• TASK DIRECTIONS: For the entries below, return the line holding "attaches argent 925" together with all lines after it, unchanged, and leave every picture out.

(Web page caption snippets)
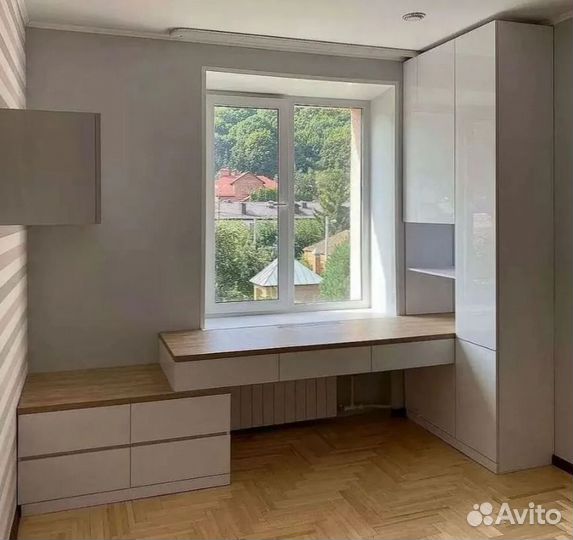 Рабочая зона и Угловой Шкаф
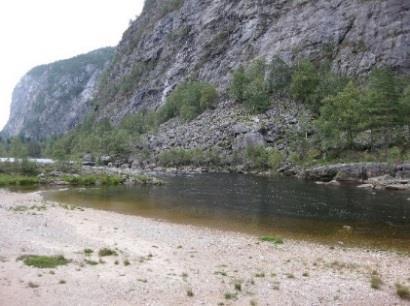 Badeplassen må også skiltes og synliggjøres bedre fra veien. En eventuell etablering av friluftsområde med parkering og toalett her må gjøres i samarbeid med kommune og grunneier.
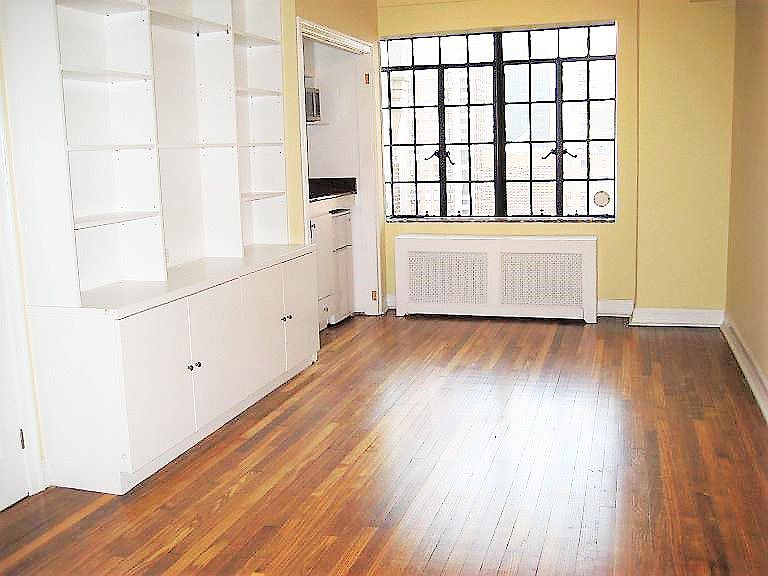 1st image of 5 Tudor City Pl APT 1816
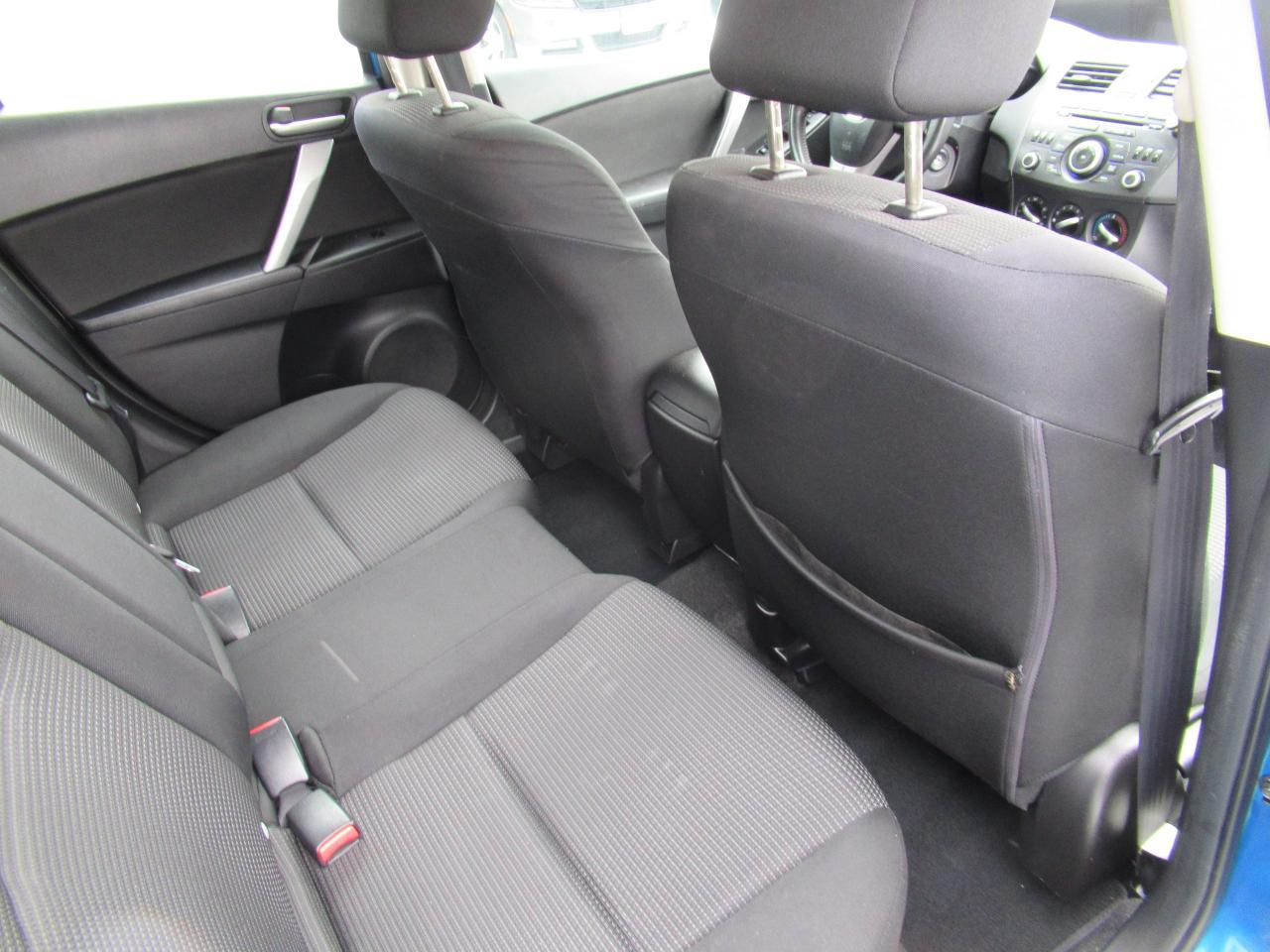 2012 Mazda MAZDA3 GS-SKY - Photo #10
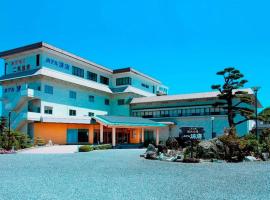 Futami Onsen Hotel Seikai، فندق في Futami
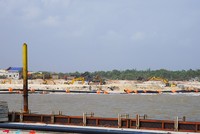 Các đơn vị nhà thầu đang thi công các hạng mục bến số 1 và vũng quay tàu. Ảnh: Trường Nhật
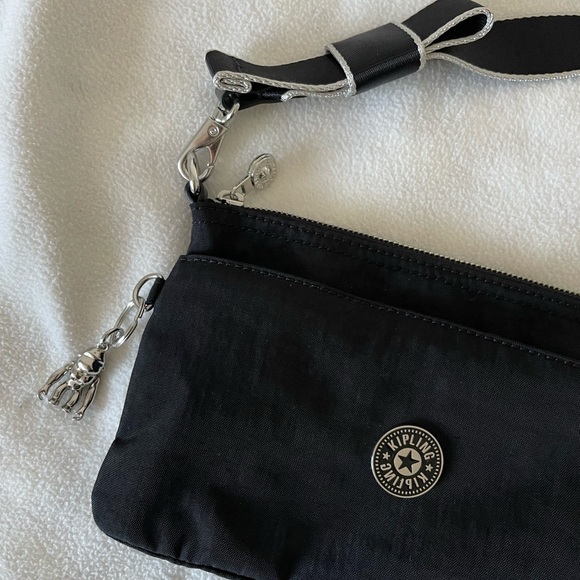 Kipling bag with a removable straps in black - Picture 9 of 11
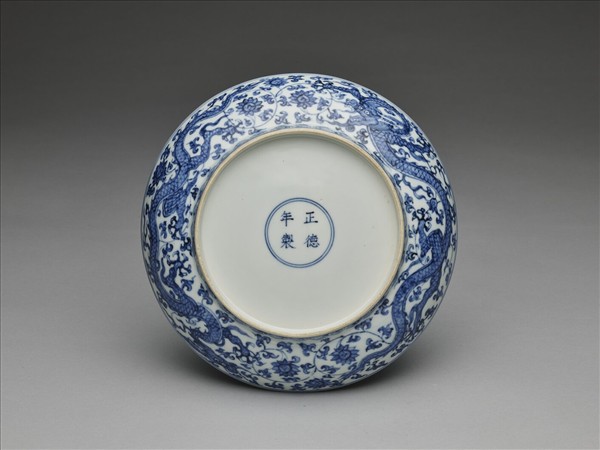 青花穿花龍紋盤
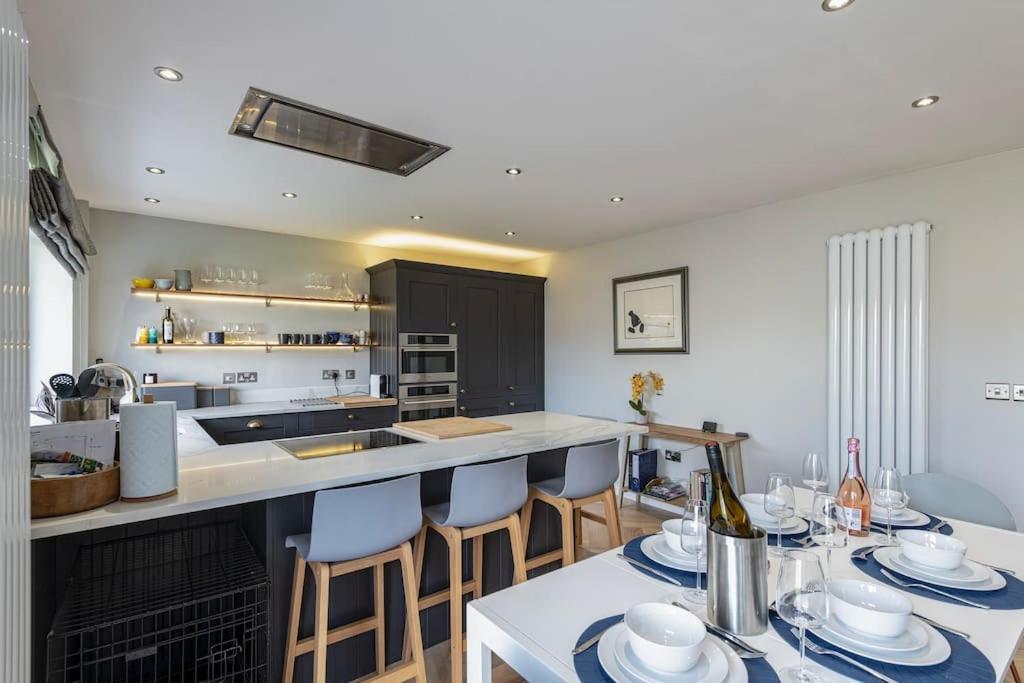 Family-Friendly Retreat Between Beach & Mountains Tremadog ภายนอก รูปภาพ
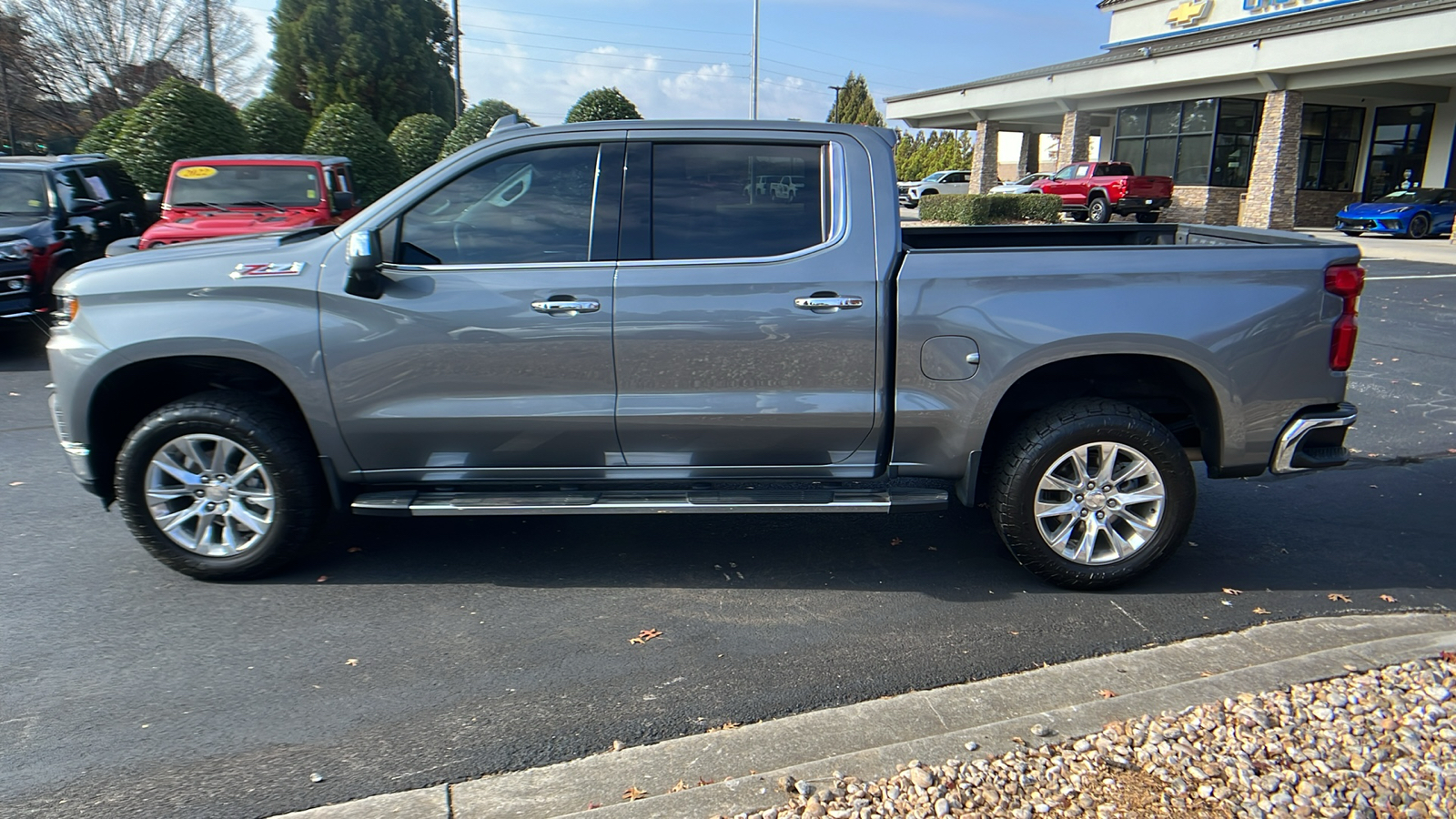 2021 Chevrolet Silverado 1500 LTZ 9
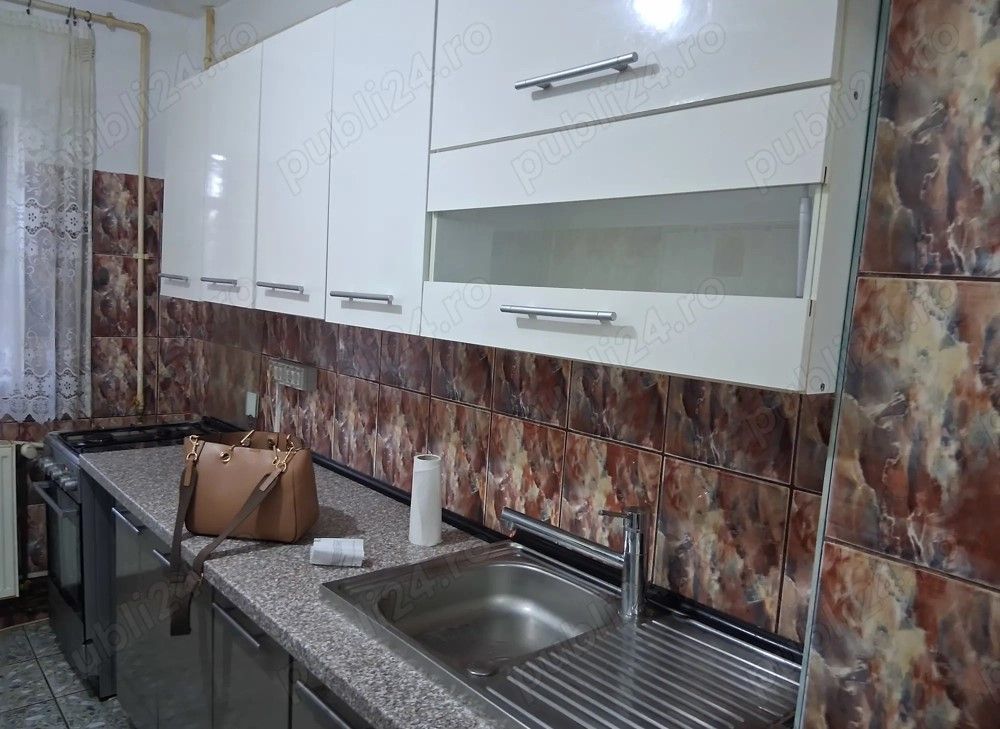 Apartament 3 camere Lipovei parter  cu centrala - Poză 2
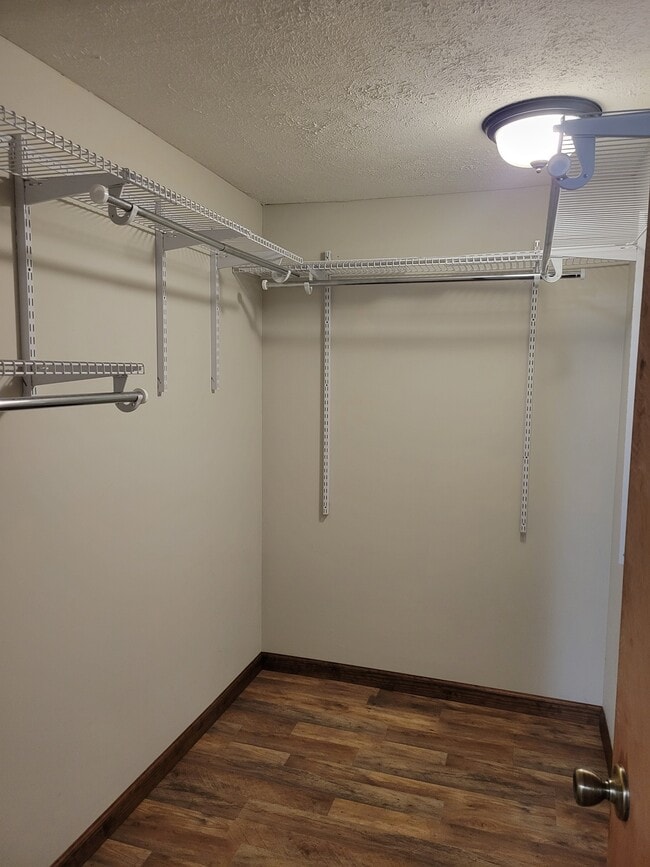 Building Photo - 566 Turkey Oak Rd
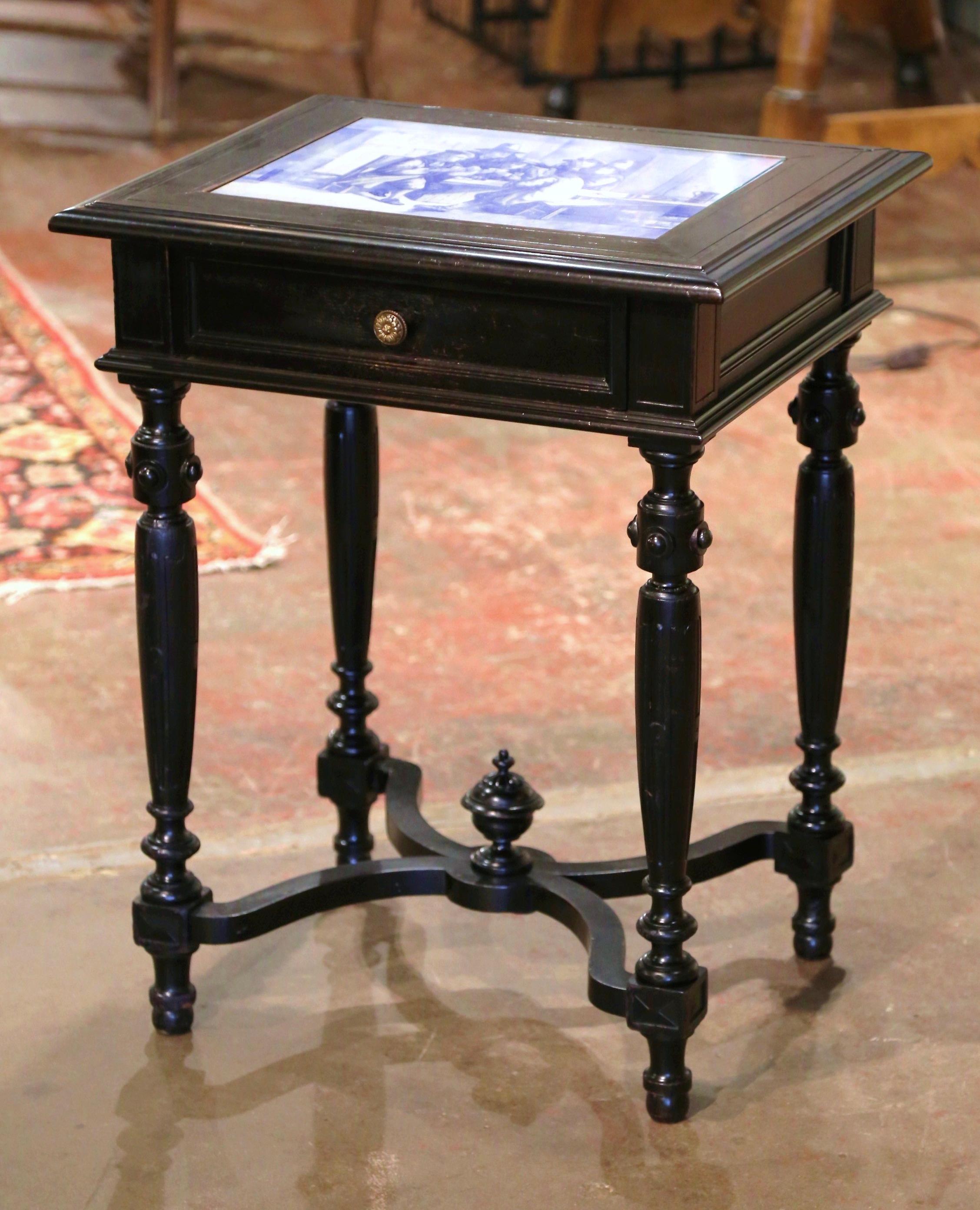 19th Century French, Carved Blackened and Blue and White Painted Tile Side Table In Good Condition For Sale In Dallas, TX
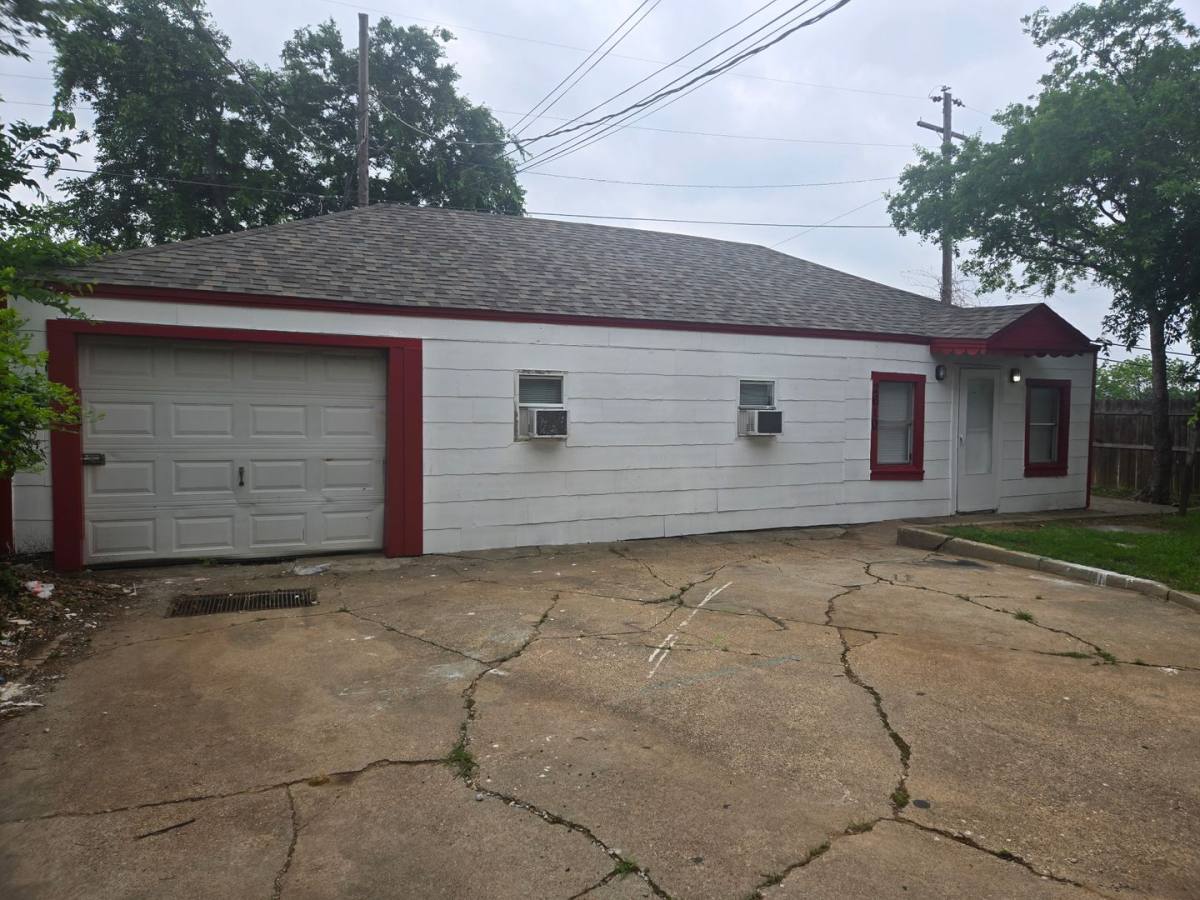 Apartment for rent at 2604-10 Bomar Ave, Fort Worth, TX 76103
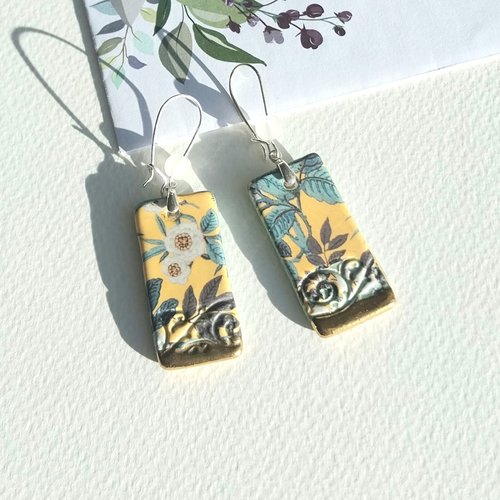 Boucles d'oreille "un coin de jardin" porcelaine émaillée rectangles motif végétal et or attaches argent 925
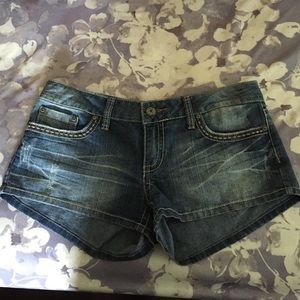 Short shorts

• TASK RESULT:
 Boucles d'oreille "un coin de jardin" porcelaine émaillée rectangles motif végétal et or attaches argent 925
 Short shorts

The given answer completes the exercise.